A champion of liberties rather than of liberty, he defended his fatherland with heart and soul against the stranger; yet the government of that fatherland was, in his judgments to be transferred from the hand of the foreigner, not to the self-governing people, but to the provincial corporations. For the People he had no respect, and perhaps little affection. He often spoke of popular rights with contempt. Of popular sovereignty he had no conception. His patriotism, like his ambition, was provincial. Yet his perceptions as to eternal necessity in all healthy governments taught him that comprehensible relations between the state and the population were needful to the very existence of a free commonwealth. The United Provinces, he maintained, were not a republic, but a league of seven provinces very loosely hung together, a mere provisional organization for which it was not then possible to substitute anything better. He expressed this opinion with deep regret, just as the war of independence was closing, and added his conviction that, without some well-ordered government, no republic could stand.
Yet, as time wore on, the Advocate was destined to acquiesce more and more in this defective constitution. A settled theory there was none, and it would have been difficult legally and historically to establish the central sovereignty of the States-General as matter of right.
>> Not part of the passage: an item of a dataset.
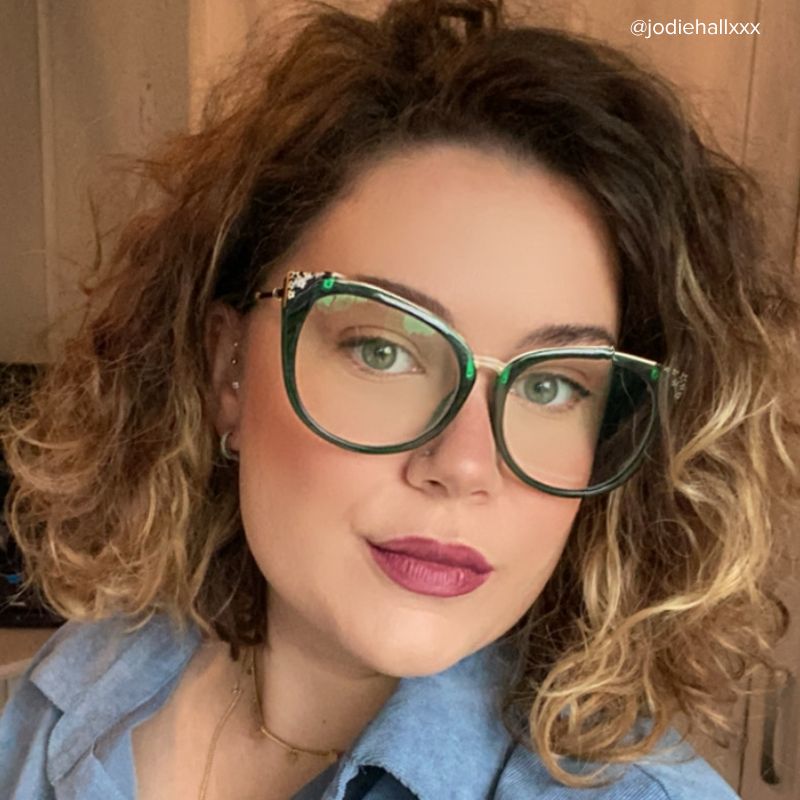 Dalton Cat Eye Dark Green Frame Glasses | ZEELOOL UK10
Thus Barneveld, who was anything but a democrat, became, almost unwittingly, the champion of the least venerable or imposing of all forms of aristocracy—an oligarchy of traders who imagined themselves patricians. Corporate rights, not popular liberty, seemed, in his view, the precious gains made by such a prodigious expenditure of time, money, and blood. Although such acquisitions were practically a vast addition to the stock of human freedom then existing in the world, yet torrents of blood and millions of treasure were to be wasted in the coming centuries before mankind was to convince itself that a republic is only to be made powerful and perpetual by placing itself upon the basis of popular right rather than on that of municipal privilege.
The singular docility of the Dutch people, combined with the simplicity, honesty, and practical sagacity of the earlier burgher patricians, made the defects of the system tolerable for a longer period than might have been expected; nor was it until theological dissensions had gathered to such intensity as to set the whole commonwealth aflame that the grave defects in the political structure could be fairly estimated.
It would be anticipating a dark chapter in the history of the United Provinces were the reader's attention now to be called to those fearful convulsions. The greatest reserve is therefore necessary at present in alluding to the subject.
It was not to be expected that an imperious, energetic but somewhat limited nature like that of Barneveld should at that epoch thoroughly comprehend the meaning of religious freedom. William the Silent alone seems to have risen to that height. A conscientious Calvinist himself, the father of his country would have been glad to see Protestant and Papist, Lutheran, Presbyterian, and Anabaptist living together in harmony and political equality. This was not to be. The soul of the immortal prince could not inspire the hearts of his contemporaries. That Barneveld was disposed to a breadth of religious sympathy unusual in those days, seems certain. It was inevitable, too, that the mild doctrines of Arminius should be more in harmony with such a character than were the fierce dogmas of Calvin. But the struggle, either to force Arminianism upon the Church which considered itself the established one in the Netherlands, or to expel the Calvinists from it, had not yet begun; although the seeds of religious persecution of Protestants by Protestants had already been sown broadcast.
The day was not far distant when the very Calvinists, to whom, more than to any other class of men, the political liberties of Holland, England, and America are due, were to be hunted out of churches into farm-houses, suburban hovels, and canal-boats by the arm of provincial sovereignty and in the name of state-rights, as pitilessly as the early reformers had been driven out of cathedrals in the name of emperor and pope; and when even those refuges for conscientious worship were to be denied by the dominant sect. And the day was to come, too, when the Calvinists, regaining ascendency in their turn, were to hunt the heterodox as they had themselves been hunted; and this, at the very moment when their fellow Calvinists of England were driven by the Church of that kingdom into the American wilderness.